(MATERIAL SHOWN)

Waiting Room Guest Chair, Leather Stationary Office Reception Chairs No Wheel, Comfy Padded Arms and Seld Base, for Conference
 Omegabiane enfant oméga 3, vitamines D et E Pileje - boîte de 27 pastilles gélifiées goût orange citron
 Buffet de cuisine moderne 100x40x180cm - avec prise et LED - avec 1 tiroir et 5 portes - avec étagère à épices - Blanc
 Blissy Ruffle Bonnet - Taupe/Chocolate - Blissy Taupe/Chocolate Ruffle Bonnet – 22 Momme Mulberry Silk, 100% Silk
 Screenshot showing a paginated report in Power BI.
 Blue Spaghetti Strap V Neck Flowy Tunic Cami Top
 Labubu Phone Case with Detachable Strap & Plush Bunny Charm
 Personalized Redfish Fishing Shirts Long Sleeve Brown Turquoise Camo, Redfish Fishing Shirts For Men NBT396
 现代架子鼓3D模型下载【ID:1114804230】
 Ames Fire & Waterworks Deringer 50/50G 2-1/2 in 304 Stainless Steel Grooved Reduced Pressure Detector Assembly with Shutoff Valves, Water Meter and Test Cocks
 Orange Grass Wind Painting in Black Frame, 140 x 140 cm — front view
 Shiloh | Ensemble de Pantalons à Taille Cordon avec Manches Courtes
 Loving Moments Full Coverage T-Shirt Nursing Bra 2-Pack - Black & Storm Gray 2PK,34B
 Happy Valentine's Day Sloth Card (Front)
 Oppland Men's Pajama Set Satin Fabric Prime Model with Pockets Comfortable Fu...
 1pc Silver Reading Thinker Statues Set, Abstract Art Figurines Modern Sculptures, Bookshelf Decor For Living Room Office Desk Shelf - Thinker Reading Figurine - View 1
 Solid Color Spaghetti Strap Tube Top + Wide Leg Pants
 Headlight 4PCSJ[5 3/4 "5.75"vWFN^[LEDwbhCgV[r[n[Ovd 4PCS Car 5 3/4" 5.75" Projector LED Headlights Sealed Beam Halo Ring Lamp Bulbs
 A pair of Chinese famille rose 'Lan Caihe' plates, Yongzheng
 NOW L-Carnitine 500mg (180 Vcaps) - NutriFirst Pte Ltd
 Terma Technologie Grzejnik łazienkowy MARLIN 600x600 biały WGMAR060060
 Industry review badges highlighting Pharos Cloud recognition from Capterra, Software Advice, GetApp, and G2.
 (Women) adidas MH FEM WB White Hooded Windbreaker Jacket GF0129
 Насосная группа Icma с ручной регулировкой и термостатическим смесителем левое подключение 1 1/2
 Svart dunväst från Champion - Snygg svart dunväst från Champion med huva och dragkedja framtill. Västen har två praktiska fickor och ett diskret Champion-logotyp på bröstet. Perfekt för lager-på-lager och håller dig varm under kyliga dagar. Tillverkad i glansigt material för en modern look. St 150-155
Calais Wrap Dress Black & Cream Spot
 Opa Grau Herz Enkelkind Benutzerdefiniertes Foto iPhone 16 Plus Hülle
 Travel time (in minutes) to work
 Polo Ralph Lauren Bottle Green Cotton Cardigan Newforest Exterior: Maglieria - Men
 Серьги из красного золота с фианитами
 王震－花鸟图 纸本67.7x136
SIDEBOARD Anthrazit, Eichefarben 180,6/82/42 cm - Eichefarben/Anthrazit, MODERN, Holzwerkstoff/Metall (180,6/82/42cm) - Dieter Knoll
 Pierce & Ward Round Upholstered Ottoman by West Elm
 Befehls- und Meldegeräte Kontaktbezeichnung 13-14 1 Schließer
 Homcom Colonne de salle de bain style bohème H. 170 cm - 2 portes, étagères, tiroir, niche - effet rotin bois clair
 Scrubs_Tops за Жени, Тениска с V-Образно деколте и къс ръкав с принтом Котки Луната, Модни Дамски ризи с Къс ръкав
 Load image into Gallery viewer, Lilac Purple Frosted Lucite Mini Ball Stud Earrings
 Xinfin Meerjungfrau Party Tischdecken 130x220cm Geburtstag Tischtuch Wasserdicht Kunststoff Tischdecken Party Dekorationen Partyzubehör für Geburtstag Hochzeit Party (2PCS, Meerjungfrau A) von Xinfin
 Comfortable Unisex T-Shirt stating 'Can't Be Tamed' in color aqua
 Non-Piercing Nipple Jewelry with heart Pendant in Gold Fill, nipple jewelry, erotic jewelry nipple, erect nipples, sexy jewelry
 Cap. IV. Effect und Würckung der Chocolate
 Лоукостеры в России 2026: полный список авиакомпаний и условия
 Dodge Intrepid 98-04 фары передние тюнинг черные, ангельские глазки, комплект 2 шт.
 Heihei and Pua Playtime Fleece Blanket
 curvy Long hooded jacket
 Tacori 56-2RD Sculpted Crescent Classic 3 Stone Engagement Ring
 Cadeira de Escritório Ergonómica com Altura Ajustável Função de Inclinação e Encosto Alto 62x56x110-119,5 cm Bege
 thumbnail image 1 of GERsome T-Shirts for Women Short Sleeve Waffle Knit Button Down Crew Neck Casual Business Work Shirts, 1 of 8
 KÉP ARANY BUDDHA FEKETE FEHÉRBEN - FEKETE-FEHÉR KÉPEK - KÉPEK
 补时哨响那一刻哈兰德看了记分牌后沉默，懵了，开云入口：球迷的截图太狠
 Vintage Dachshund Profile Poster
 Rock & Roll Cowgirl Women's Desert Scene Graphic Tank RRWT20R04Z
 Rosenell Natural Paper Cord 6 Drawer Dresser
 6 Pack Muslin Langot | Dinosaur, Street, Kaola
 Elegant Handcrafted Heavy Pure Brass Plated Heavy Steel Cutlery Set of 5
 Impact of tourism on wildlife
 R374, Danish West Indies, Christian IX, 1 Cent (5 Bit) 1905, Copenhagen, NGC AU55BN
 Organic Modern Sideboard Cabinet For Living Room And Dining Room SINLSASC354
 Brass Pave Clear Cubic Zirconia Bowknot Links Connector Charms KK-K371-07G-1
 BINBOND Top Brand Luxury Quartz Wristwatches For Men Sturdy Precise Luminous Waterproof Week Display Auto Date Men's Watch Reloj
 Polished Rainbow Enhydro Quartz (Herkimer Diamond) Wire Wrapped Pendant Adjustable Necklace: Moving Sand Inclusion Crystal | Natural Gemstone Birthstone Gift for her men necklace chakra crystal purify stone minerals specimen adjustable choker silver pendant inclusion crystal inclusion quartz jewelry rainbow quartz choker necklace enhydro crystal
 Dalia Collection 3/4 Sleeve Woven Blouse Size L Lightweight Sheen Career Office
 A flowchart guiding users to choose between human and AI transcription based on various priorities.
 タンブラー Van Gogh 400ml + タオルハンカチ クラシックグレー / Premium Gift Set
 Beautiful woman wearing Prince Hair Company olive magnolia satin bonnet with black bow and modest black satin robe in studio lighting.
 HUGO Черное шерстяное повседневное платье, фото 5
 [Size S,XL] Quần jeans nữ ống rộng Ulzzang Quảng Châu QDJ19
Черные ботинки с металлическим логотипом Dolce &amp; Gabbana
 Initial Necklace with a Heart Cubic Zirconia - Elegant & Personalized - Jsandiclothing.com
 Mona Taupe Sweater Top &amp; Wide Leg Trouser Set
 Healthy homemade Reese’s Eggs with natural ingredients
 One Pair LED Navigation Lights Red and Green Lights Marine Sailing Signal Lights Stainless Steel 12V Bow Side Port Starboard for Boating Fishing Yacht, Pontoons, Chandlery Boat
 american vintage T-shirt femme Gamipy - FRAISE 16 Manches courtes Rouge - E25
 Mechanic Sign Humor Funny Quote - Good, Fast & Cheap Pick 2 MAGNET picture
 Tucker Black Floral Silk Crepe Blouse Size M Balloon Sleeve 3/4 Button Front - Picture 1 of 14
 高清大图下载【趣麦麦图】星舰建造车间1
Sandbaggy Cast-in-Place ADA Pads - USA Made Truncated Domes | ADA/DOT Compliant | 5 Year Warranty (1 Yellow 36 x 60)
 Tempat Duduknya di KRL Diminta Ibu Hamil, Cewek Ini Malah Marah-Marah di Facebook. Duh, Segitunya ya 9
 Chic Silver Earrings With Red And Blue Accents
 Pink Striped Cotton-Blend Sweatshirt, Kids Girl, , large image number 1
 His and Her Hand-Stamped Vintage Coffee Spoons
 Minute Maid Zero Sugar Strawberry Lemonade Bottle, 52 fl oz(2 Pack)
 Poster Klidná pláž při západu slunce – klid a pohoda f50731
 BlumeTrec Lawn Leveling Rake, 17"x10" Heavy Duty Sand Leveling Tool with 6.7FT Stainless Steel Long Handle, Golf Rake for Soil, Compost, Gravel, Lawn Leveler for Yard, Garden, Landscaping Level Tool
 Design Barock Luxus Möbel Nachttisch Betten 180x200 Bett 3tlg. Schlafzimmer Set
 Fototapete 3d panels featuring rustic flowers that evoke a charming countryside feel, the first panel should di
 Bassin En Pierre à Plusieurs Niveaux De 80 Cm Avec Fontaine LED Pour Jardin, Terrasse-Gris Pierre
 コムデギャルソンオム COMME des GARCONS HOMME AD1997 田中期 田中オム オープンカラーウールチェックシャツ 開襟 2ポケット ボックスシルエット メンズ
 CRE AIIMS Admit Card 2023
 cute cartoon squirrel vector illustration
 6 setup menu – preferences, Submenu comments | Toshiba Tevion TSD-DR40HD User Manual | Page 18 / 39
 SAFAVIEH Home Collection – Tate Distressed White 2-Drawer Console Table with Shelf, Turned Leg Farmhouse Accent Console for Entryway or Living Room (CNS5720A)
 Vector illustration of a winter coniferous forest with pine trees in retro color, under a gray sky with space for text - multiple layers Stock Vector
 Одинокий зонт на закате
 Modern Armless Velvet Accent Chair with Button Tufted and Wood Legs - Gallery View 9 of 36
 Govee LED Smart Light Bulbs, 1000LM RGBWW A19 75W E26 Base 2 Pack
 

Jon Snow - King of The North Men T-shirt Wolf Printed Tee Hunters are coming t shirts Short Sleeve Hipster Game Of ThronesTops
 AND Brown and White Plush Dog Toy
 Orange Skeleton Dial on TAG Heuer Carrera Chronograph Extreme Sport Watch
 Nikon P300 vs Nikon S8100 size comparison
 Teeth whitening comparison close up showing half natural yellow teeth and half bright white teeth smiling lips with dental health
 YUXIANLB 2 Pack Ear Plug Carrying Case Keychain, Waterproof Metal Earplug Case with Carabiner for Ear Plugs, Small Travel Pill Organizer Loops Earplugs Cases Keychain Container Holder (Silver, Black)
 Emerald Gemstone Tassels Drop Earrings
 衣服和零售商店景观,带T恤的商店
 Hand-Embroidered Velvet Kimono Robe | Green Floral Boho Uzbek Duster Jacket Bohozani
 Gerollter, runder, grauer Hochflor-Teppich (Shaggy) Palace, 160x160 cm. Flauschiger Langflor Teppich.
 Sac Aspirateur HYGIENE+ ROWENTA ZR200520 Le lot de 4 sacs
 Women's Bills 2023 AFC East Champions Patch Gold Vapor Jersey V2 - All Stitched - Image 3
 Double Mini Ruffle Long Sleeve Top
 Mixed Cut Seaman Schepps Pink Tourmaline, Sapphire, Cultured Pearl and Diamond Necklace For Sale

(YOUR TASK) Set down, exactly as they appear above, all lines from the one that has "Gerollter, runder, grauer" down to the one that has "Double Mini Ruffle Long Sleeve Top", including those two and no others.

(YOUR SOLUTION)
 Gerollter, runder, grauer Hochflor-Teppich (Shaggy) Palace, 160x160 cm. Flauschiger Langflor Teppich.
 Sac Aspirateur HYGIENE+ ROWENTA ZR200520 Le lot de 4 sacs
 Women's Bills 2023 AFC East Champions Patch Gold Vapor Jersey V2 - All Stitched - Image 3
 Double Mini Ruffle Long Sleeve Top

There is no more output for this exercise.